Garrett's attorney Dorsey Carson Jr. said the contract had no legal reason for dispute. "The mayor stated on record that his veto was because it would be better in a paper of mass circulation. Well, he specifically said he wants it in The Clarion-Ledger, but to me there's no clearer breach of the statute than to say he wants it to go to a specific paper. This was the council's decision. Not the mayor's."
Garrett said vindictiveness fuels the mayor's decision.
"The mayor does not want anybody who had any support for (former Mayor) Harvey Johnson to have any work with the city," Garrett said. "I doubt the mayor is really making this decision for the betterment of the city. If the Link gets the bids, companies will know to look in my paper for the ads, or they'll subscribe to it or buy it off the stand or just go to our Web site and read it for free, because they'll be posted on our Web site just like they would be posted on the Clarion-Ledger."

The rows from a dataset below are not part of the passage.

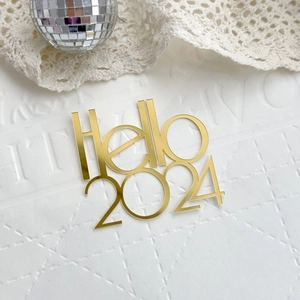 Close-up of gold mirror acrylic 'Hello 2024' cake topper for New Year celebration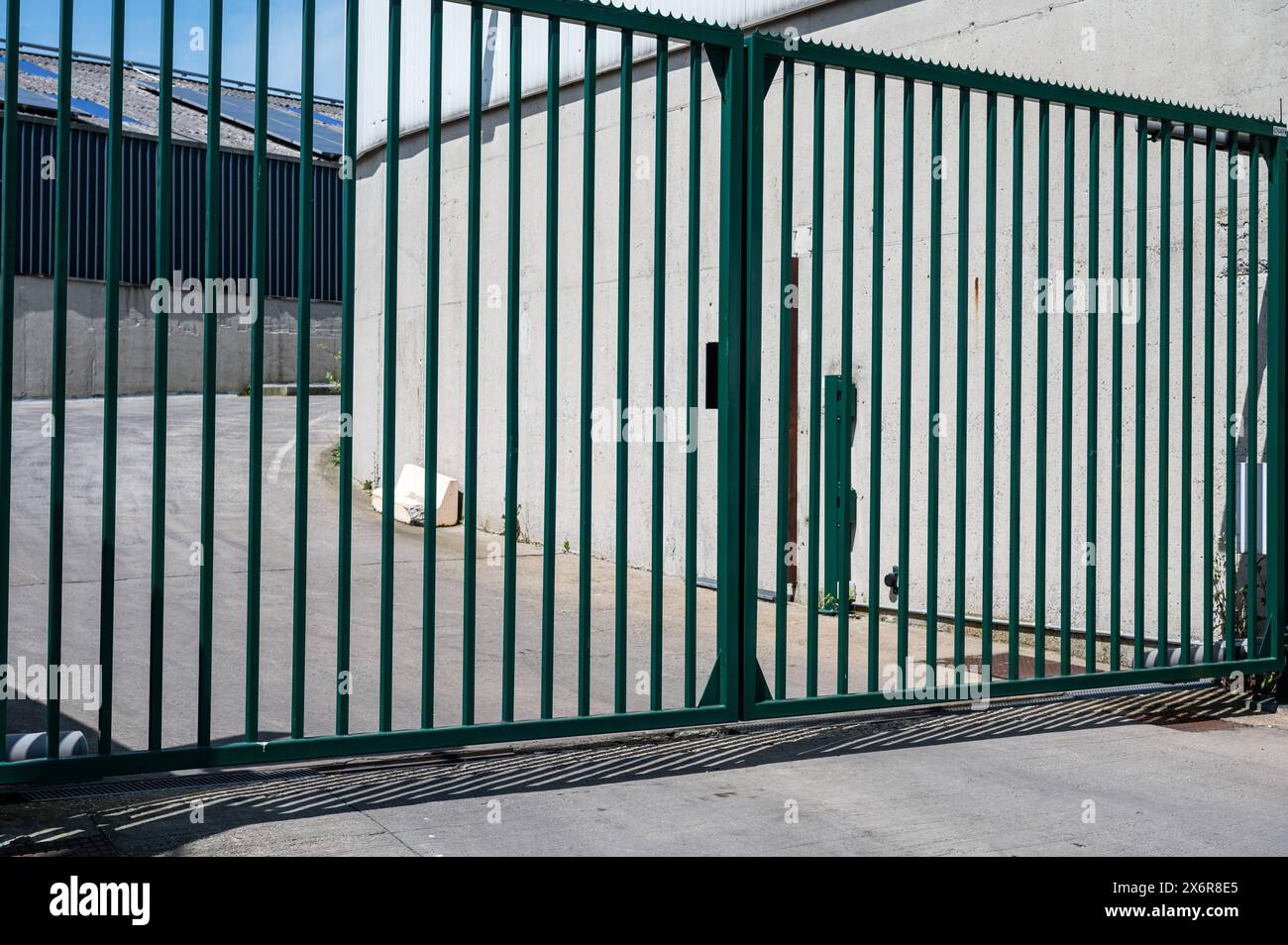 Laeken, Brussels Capital, Belgium May 12, 2024 Metal grid at an industrial gate Stock Photo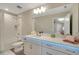 Bright bathroom featuring modern vanity with LED lighting, a shower-tub combo, and a large mirror at 10945 Sundrift Dr, Tampa, FL 33647
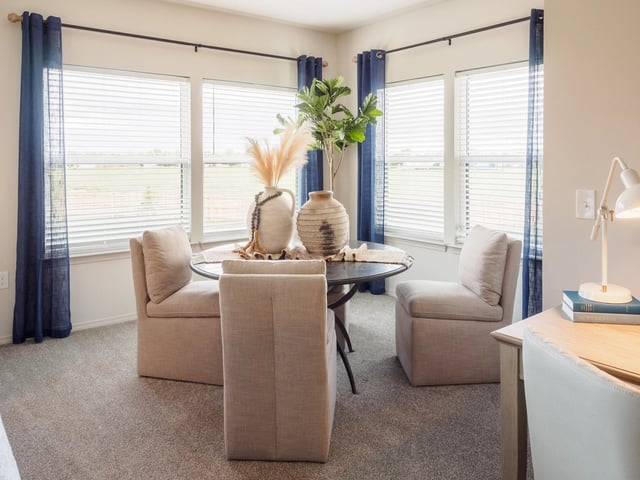 Sunlit dining area with a round table and four beige upholstered chairs by large windows with blue curtains.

Melton also said The Clarion-Ledger is published online and would reach more viewers through the Internet, saying online publishing would be critical to the city in the aftermath of Hurricane Katrina.
Garrett contested that argument. "If you want to look at the limitless circulation involved in online publication, you could say we're the same size as The Clarion-Ledger," Garrett said. "This is nothing but personal."
Barrett Simon said she "could see how Garrett would feel that way."
"The statute calls for the lowest bid. It doesn't say anything about the best bid," Barrett Simon said. "We voted for the lowest bid. The council tried to do what was right."
Other people contracted or employed by the city have called Melton's interference in city contract awards and firings "personal."
Last month, Southeastern Consulting Group Inc. President James Covington, also an avid Johnson supporter in the last election, accused Melton of canceling an extension of the city's communications tower upkeep contract with his company out of vengeance.
"There's no question that this man is capable of vindictiveness," Covington said last month.